With a steady stream of caravans rolling into Broome on their annual pilgrimage, the town is starting to hum again after a very, very wet season. It is much like the ebb and flow of the tourist season in Margaret River, only the seasons are reversed. Similar also in that many locals rely on the tourist population to sustain them from year to year and Broome certainly has plenty to keep you occupied, besides the dominant water based activities of fishing and swimming at pristine beaches.
Markets, Broome race days, camel rides on Cable Beach, sunset boat tours, checking out dinosaur footprints, stairway to the moon at the Mangrove Resort or perhaps lunch at Matso’s, are just some of the options available. One thing for sure, don’t leave your wallet behind, as some of these options come at a premium price. As the old saying goes, ‘It ain’t cheap, but it’s good!’ Personally, after seven years of trips here and predominantly in work mode, I prefer to seek out the quieter, less crowded options like sunset drinks on the back of the truck at isolated beaches or camping overnight up the coast.
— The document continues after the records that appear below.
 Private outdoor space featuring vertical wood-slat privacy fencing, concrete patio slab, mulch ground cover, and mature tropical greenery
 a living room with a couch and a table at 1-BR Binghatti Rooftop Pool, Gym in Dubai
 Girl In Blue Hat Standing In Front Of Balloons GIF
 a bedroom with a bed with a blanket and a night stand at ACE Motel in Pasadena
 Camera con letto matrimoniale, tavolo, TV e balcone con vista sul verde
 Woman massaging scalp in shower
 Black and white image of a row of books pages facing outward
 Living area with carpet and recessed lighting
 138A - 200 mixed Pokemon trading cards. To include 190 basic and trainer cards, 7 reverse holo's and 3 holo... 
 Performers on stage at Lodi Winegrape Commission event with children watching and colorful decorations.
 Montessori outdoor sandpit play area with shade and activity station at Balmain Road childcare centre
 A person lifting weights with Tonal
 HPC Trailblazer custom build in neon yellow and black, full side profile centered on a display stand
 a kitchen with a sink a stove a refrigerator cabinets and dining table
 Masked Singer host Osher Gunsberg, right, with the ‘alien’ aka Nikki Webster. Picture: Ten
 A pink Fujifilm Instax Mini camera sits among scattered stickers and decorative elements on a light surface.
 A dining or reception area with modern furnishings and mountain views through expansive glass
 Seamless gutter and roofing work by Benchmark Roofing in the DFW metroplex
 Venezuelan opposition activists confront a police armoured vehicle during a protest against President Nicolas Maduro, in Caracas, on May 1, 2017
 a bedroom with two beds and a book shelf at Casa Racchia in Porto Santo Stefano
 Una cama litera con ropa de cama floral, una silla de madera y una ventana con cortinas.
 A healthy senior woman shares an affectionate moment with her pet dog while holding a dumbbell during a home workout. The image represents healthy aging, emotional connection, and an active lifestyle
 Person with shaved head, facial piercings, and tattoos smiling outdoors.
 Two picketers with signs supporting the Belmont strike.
Having said that, I will likely catch the last three races this Saturday after a skipper’s course.
In our first two weeks here there were plenty of catch ups with people we had not seen for a while. These included Peter and Vanessa Godfrey ( Pete is the northern manager for Fisheries WA previously based in Busselton ), Brodie Trott ( ex marine studies student at Busso High now working on fishing boats ), Claudia Berson ( prac teaching at Broome primary school ) and Ian ( Mossie ) and Robin Moustaka. Mossie had just finished the Gibb River Cycle Challenge and was in much need of some R & R in Broome. We shared a sunset drinks truck tour as the camels passed by and as is often the case with his wife, Robin, the talk soon turned to fishing. You see Robin is a fishing maniac, mainly because her dad trained her up as a young girl in the States and since being in Oz, she is keen as hell. These guys have a holiday house in Gracetown too, but unfortunately the planets are yet to line up when Robin is down south on a day I am fishing, but that is sure to come. Mossie had hooked up with Trippy and Kylie from the Great Escape Charter Company to head out for a day’s fishing the next day in a friend’s 5m centre console and Robin was excited to say the least. Mossie could not speak highly enough of Trippy and Kylie and when I met them later in the day, I could see why. Just genuine, friendly people who run a fantastic business, but always willing to give. Anyway, Robin was quietly chuffed because apparently she had caught all the decent ‘fish’, but with a twist, as I found out after further interrogation. She landed a nice size king threadfin ( pictured ), lost another at the boat, but also incredibly, on a baitcaster rod, caught a legal size mudcrab that was safely landed. I arrived at Trippy’s house just in time to dig the hole for the fish carcass he had filleted, dropped Mossie and Robin back at their accommodation and finished up with a threadfin fillet and a mudcrab. Gotta be happy with that!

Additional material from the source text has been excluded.